We are just being slaughtered and slaughtered
one lifetime after another —
don’t let your wisdom, compassion and power be so weak!
— Shabkar Tsogdruk Rangdrol
(in the voice of old ewes)
As for the argument sometimes put forward by Mahayana meat eaters — that one should eat meat out of compassion, since eating the flesh of a slaughtered animal creates a connection with this animal in favor of whom one can direct the full power of one’s compassionate prayers — Shabkar points out that if an advanced practitioner has the power the affect the fate of others through prayer alone, he or she may as well pray for the sake of the animals free and alive rather than over the flesh of their corpses killed for one’s consumption. If one genuinely cares about animals, rather than praying over their dead bodies, it is more effective to buy them from butchers and set them free in their natural environment after praying for them.

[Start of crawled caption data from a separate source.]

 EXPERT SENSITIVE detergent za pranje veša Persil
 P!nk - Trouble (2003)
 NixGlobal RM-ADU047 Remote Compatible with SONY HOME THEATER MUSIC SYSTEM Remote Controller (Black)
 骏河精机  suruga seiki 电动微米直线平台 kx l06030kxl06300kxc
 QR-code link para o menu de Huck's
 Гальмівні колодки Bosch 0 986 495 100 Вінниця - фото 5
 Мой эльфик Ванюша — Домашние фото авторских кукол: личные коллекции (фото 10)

One of my teachers, Pema Wangyal Rinpoche (1945- ), often says that if a practitioner is able to bring back a slaughtered animal to life simply by snapping his fingers — as Tilopa (988-1069) is said to have done with the remnants of fish he had caught and eaten, and as Do Khyentse Yeshe Dorje (1800-1866) did with the leftovers of a sheep after eating it — then he should joyfully eat as much meat as he pleases. Otherwise, he’d better beware of dreadful karmic karmic consequences of unnecessarily killing a sentient being.
(Above: Foreword By Matthieu Ricard)
The Faults Of Meat: Tibetan Buddhist Writings On Vegetarianism
Edited By Geoffrey Barstow
(Also with Foreword By Khenpo Tsultrim Lodro)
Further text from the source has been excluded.